TASK DETAILS: Could you restate the whole listing below word for word, minus the pictures?

SOURCE MATERIAL:
········

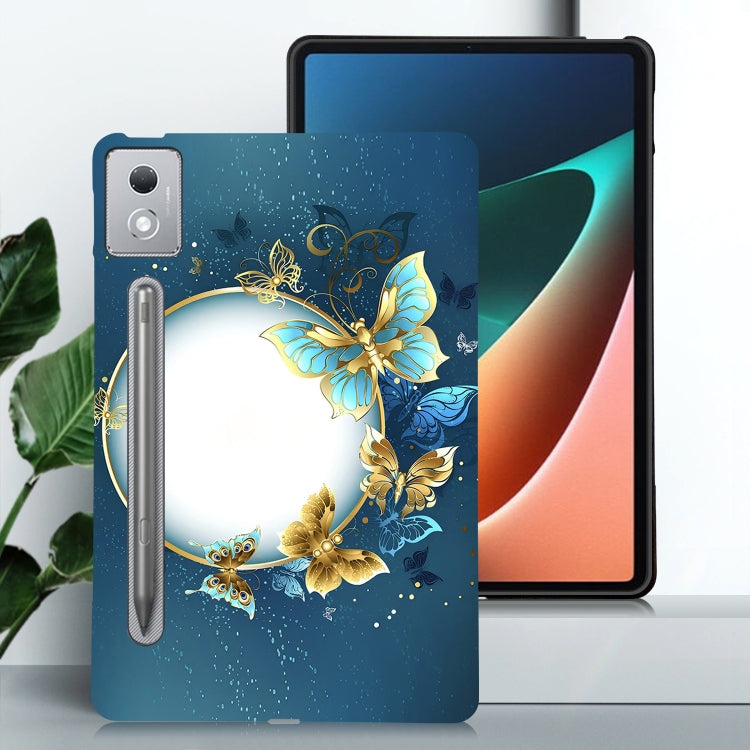 For Lenovo Tab P12 Pro 12.7 2025 Color Painting Pattern Smart Tablet TPU Case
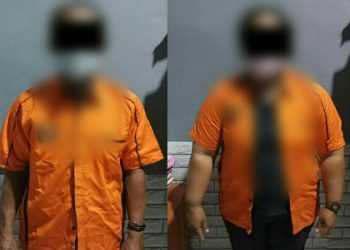 Diduga Korupsi, Kades dan Bendahara Ditahan Polres Kepulauan Talaud   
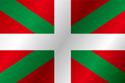 Flag of Basque (variant)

········

ANSWER SECTION:
 For Lenovo Tab P12 Pro 12.7 2025 Color Painting Pattern Smart Tablet TPU Case
 Diduga Korupsi, Kades dan Bendahara Ditahan Polres Kepulauan Talaud   
 Flag of Basque (variant)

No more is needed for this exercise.